The Prosecutor’s Office claimed to be investigating İmamoğlu with a view to bringing charges of “establishing and leading a criminal organization,” “bribe taking,” “illegal recording of personal data,” and “public tender bid rigging.” The alleged evidence against him includes vague statements by witnesses with protected identities.

The second investigation, for links with terrorism, is allegedly because the Republican People’s Party and the pro-Kurdish rights Peoples’ Equality and Democracy Party (DEM) forged an electoral alliance prior to the March 31 2023 local elections to support CHP candidates at the district level. The prosecutor alleges that this entirely lawful political strategy was ordered by the armed Kurdistan Workers’ Party (PKK).

The Istanbul court said that there was no reason “at this moment” to detain İmamoğlu in the scope of this second terrorism investigation because he was already detained in connection with the corruption investigation. The court’s explicit indication that it could be open to detaining İmamoğlu a second time if he is released in connection with the corruption investigation is a disturbingly brazen acknowledgement of how detention orders can be weaponized to keep an individual incarcerated for political purposes, Human Rights Watch said.

The Erdoğan government has a well-established track record of incarcerating people for political purposes. The European Court of Human Rights has already found “beyond reasonable doubt” that Turkish authorities in the cases of a politician, Selahattin Demirtaş, and a human rights advocate, Osman Kavala, detained the individuals for “the ulterior purpose of stifling pluralism and limiting freedom of political debate” and “of reducing the applicant to silence” respectively. The European Court and the Council of Europe’s Committee of Ministers have called for the immediate release of both men, which the Turkish government refuses to do.

The Istanbul prosecutor also has four other ongoing prosecutions against İmamoğlu, all at different stages. In three of them, the prosecutor has requested the court to ban İmamoğlu from politics.

Şişli district Mayor Resul Emrah Şahan was detained for alleged terrorism links, and authorities have invoked articles of the Municipalities Law against him, which permit removing elected officials in such cases and replacing them with a government appointed “trustee.” In Şahan’s case, he was replaced by the Şişli district governor. Erdogan’s government has now used the tactic of replacing elected mayors facing baseless terrorism investigations and prosecutions with “trustees” in 13 cases since the 2023 local elections.

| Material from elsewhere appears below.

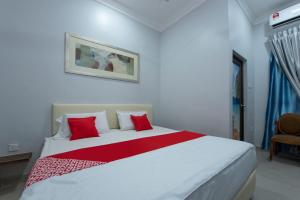 a bedroom with a large white bed with red pillows at Sg Rengit City Resort 2 in Kampung Sungai Rengit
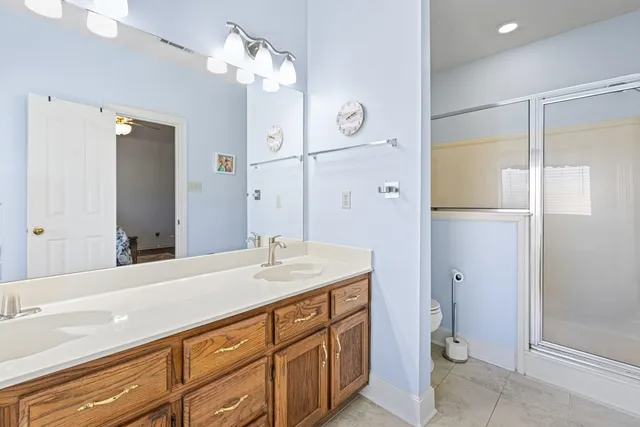 a bathroom with a granite countertop sink mirror and a shower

The second district mayor detained, the mayor of Beylikdüzü, is Mehmet Murat Çalık. Both İmamoğlu and Çalık will be replaced by members of the elected municipal council, chosen by the council members.

There have been mass protests in Istanbul and other cities around the country against the removal of Imamoglu. These protests have been overwhelmingly peaceful. There have been arrests and violent police dispersal in some cases using tear gas fired at the crowd, as well as water cannon, notably in Ankara against university students.